▽

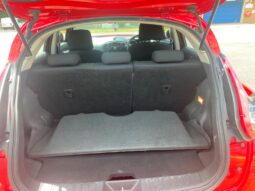 
										Nissan Juke 1.6 [94] Visia 5dr full									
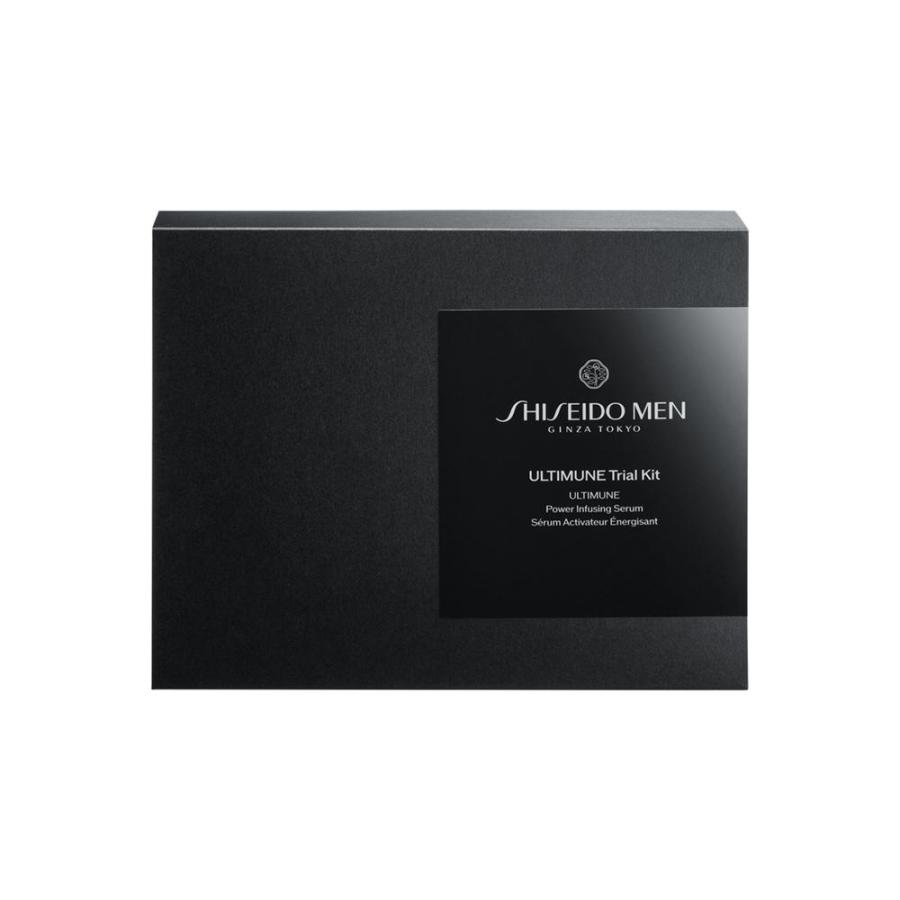 ポイント10倍】【数量限定】SHISEIDO メン アルティミューン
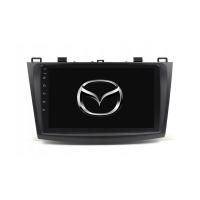 Mazda 3 Android Multimedya Sistemi 4-64 Fimex (2010-2013)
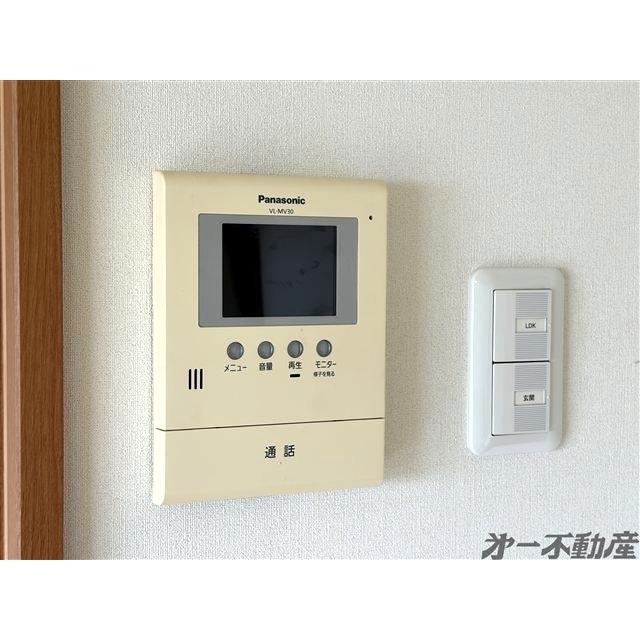 Grand Maison葵（402） 部屋画像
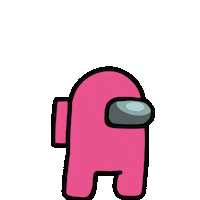 Pink Sticker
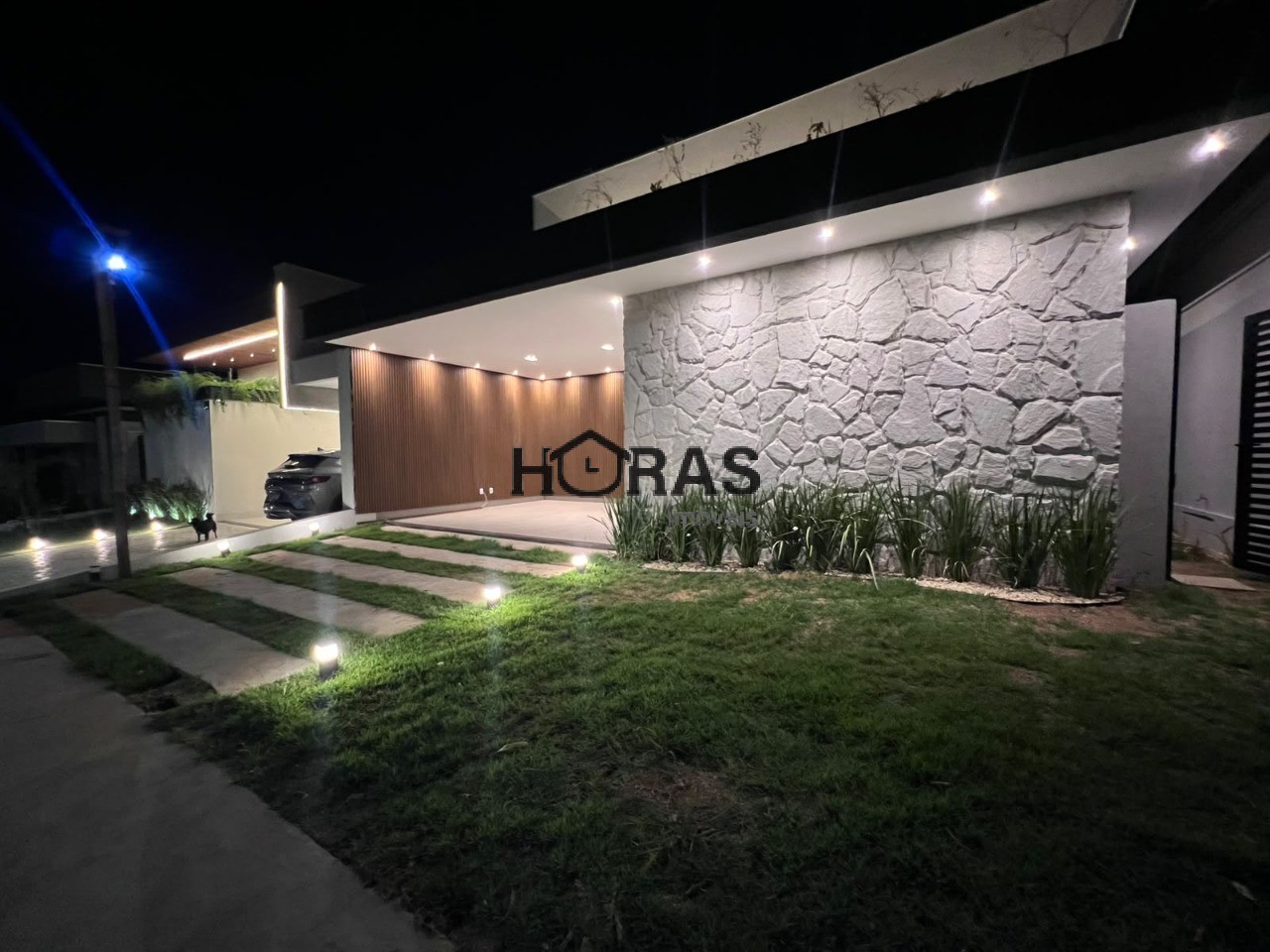 Casa, 3 quartos, 183 m² - Foto 2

△

Directions -
Starting at the first entry above and ending at the last, write everything out exactly except the pictures.

Response to this task -
										Nissan Juke 1.6 [94] Visia 5dr full									
 ポイント10倍】【数量限定】SHISEIDO メン アルティミューン
 Mazda 3 Android Multimedya Sistemi 4-64 Fimex (2010-2013)
 Grand Maison葵（402） 部屋画像
 Pink Sticker
 Casa, 3 quartos, 183 m² - Foto 2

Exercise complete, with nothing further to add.